PUBLICATION OF FINANCIAL REPORTS (Section 362.295)

A provision requiring certain financial reports of a bank or trust company to be published in a newspaper is repealed and a provision is created in its place requiring a bank or trust company to provide a paper or electronic copy of any regular periodic report required to be filed with the Director of Finance to each customer that requests it.

TRUSTED CONTACTS (Sections 362.424 and 370.245)

This act allows any bank, as that term is defined in the act, and any credit union to report suspected fraudulent activity or financial exploitation targeting any of its customers or members to a federal, state, county, or municipal law enforcement agency or any appropriate public protective agency and shall be immune from civil liability in doing so.

Banks and credit unions are additionally allowed to offer a trusted contact program to its customers and members who desire to designate one or more trusted contacts for the bank to contact under certain circumstances delineated in the act. The trusted contact program is subject to restrictions as described in the act.

A bank or credit union shall not be liable for the actions of a trusted contact and shall not be civilly liable for implementing or not implementing a trusted contact program or for actions or omissions related to providing or administering a trusted contact program.

A person designated as a trusted contact who acts in good faith and exercises reasonable care shall be immune from liability.

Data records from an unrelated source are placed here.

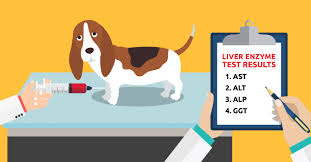 What That Liver Enzyme Test Is Telling You Dogs Naturally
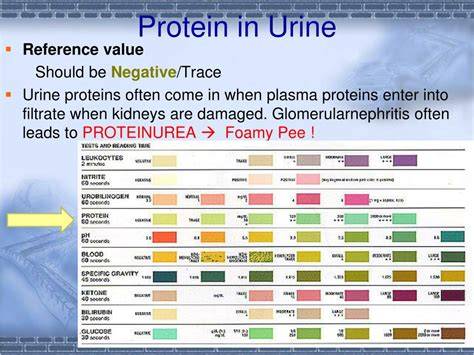 What Causes Protein In Urine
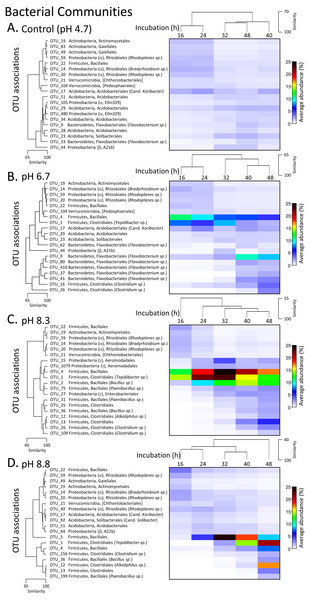 Matrix plots of the relative abundance and clustering of the 20 bacterial OTUs with the highest contribution to total sequence counts across incubation times for each pH treatment.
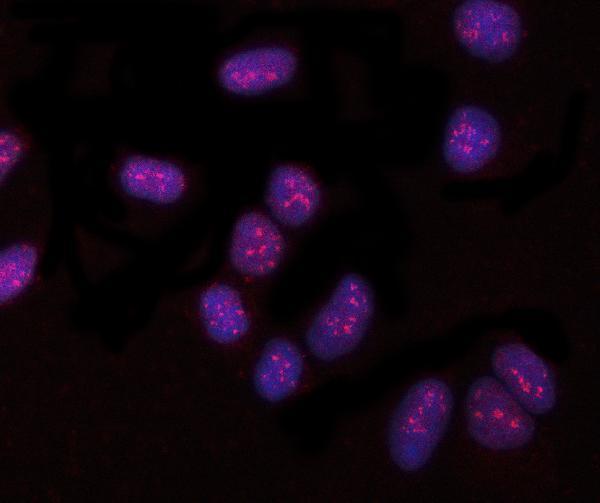  IF analysis of PYROXD1 using anti-PYROXD1 antibody (A17214-4)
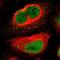 Myocyte-specific enhancer factor 2D antibody, HPA004807, Atlas Antibodies, Immunofluorescence image 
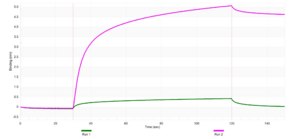 Anti-Myosin-11 Antibody, clone 1L21 ZooMAb&#174; Rabbit Monoclonal recombinant, expressed in HEK 293 cells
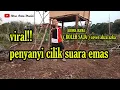 Download Lagu VIRALL!! PENYANYI CILIK SUARA TINGGI || RHOMA BOLEH SAJA COVER AHZA AZKA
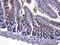 Cytochrome c, somatic antibody, A03529, Boster Biological Technology, Immunohistochemistry frozen image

These provisions are identical to SB 99 (2025) and HB 1049 (2025).

SINGLE BANK POOLED COLLATERAL (Section 362.490)

This act creates an alternative for banking institutions serving as depositaries for public funds to secure their deposits in lieu of the method provided by current law, known as the "single bank pooled method." This method allows a banking institution to secure the deposit of public funds of one or more government entities through a pool of eligible securities held in custody and safe-keeping with one or more other banking institutions or safe depositaries, to be held subject to the order of the Director of the Division of Finance or an administrator, appointed as provided in the act, for the benefit of the government entities having public funds deposited with such banking institution. The act prohibits the use of the single bank pooled method absent the appointment of an administrator for that purpose, as provided in the act. Furthermore, the administrator may be required to post a surety bond in an amount up to $100,000.

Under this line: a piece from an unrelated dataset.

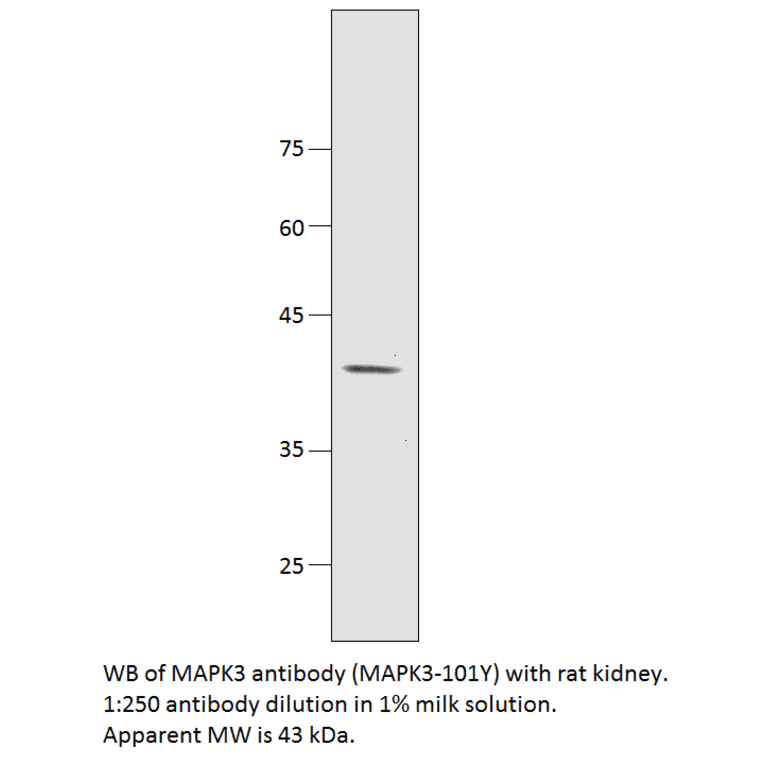 Anti-MAPK3 Antibody from FabGennix (MAPK3-101Y) - Antibodies.com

The administrator of the single bank pooled method may establish such procedures and reporting requirements as necessary for depository banking institutions and their safe keeping banks or depositaries to confirm the amount of insured public fund deposits, the pledge of securities to the administrator to secure the deposit of public funds, as agent for each participating banking institution, and to monitor the market value of pledged securities as reported by the custody agents, and to add, substitute or remove securities held in the single bank pool as directed by the depository banking institution.

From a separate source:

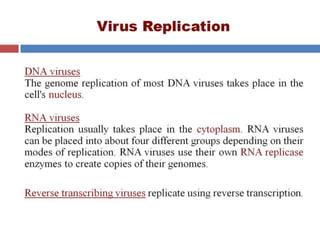  VIRAL GENETICS.pptx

In the event of the failure and insolvency of a banking institution using the single bank pooled method, subject to any order of the director, the administrator shall direct the safe keeping banks or depositaries to sell the pledged securities and direct proceeds to the payment of the uninsured public fund deposits or to transfer the pledged securities to that banking institution's primary supervisory agency or the duly appointed receiver for the banking institution to be liquidated to pay out the uninsured public fund deposits.

These provisions are identical to SB 657 (2025).

COMMERCIAL FINANCING DISCLOSURE LAW (Section 427.300)

Current law contains various exemptions from the Commercial Financing Disclosure Law. This act adds commercial financing products that are premium finance agreements, as defined in current law, offered or entered into by a provider that is a registered premium finance company to that list.

DORMANT ACCOUNTS (Section 447.200)

The act repeals a provision of law relating to dormant accounts that requires certain financial institutions to notify the account holder of such dormancy.